Mask R-CNN uses a ResNet-FPN model for feature extraction, and the model is also used for feature extraction in the embodiment. FPN (feature pyramid network) is a well-designed multi-scale detection method, which comprises three parts of bottom-up, top-down and transverse connection, and the structure can fuse the features of all levels to make the features have strong semantic information and strong spatial information simultaneously. As shown in fig. 1, in the bottom-up process, ResNet is used as a skeleton network, and is divided into 5 layers according to the size of a feature map, and the output results of each layer are ConV1, ConV2, ConV3, ConV4 and ConV 5; the top-down process is to sample the ConV feature map by using a nearest neighbor method to obtain M2, M3, M4 and M5, wherein M6 is obtained by M5 downsampling; the transverse connection process is to fuse the M layers and the ConV layers, eliminate aliasing effect of up-sampling through 3-by-3 convolution kernel processing, and finally obtain P2, P3, P4, P5 and P6. As can be seen from the figure, P2 is obtained by the fusion process of ConV2 and M3 and the 3 × 3 convolution kernel process, and P3 is obtained by the fusion process of ConV3 and M4 and the 3 × 3 convolution kernel process, that is, the smaller X in the feature map PX indicates that PX is obtained by the lower convolution layer.

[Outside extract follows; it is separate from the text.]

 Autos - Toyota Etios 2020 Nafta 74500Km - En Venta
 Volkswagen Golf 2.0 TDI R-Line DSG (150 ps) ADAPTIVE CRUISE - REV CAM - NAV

Assuming that (H, W) is the height and width of the target image, the feature maps P2, P3, P4, P5 and P6 correspond to the sizes of (H/4, W/4), (H/8, W/8), (H/16, W/16), (H/32, W/32) and (H/64, W/64) in sequence, and the number of channels is 256. And taking [ P2, P3, P4 and P5] as candidate feature maps, and selecting the feature maps according to the sizes of the segmentation objects in different tasks. For example, in the task of segmenting the small target instances, a feature map with higher resolution should be selected, for example, the feature map with higher resolution is selected to improve the segmentation accuracy [ P2, P3, P4], whereas for the task of segmenting the large target instances, a feature map with relatively lower resolution may be selected to improve the segmentation efficiency [ P3, P4, P5 ]. In this embodiment, the K value calculated by the following formula is used to adaptively select a feature map [ P (K-1), PK, P (K +1) ]:

K＝[K₀+log₂(wh/WH)] (2)

wherein, the [ alpha ], [ beta ]]Representing rounding processing; w and h are the width and height of the detection frame respectively; w and H are the width and height of the target image respectively; k₀The hierarchy level where the object with the area W × H should be located is set to 5 in this embodiment.

2. Because the feature map cannot contain all points (including contour points and corresponding assumed deformation points), after the feature map is selected, the feature corresponding to each point is obtained from each feature map by using a bilinear interpolation method according to the coordinate information of the contour points and the assumed deformation points, and the feature map is connected.

In the neural network, as the network deepens, each layer loses some information, including the feature pyramid idea in the FPN, and the multi-scale multi-layer feature fusion can retain more information. Because of its simplicity and ease of operation, feature linking has been widely used as a loss reduction method. Since the number of channels of the previously selected feature maps P2-P5 is 256, the features of each point are summed, and the number of channels is kept unchanged at 256. In summary, the feature dimension of each contour point is 21 × 256 by feature extraction and feature connection.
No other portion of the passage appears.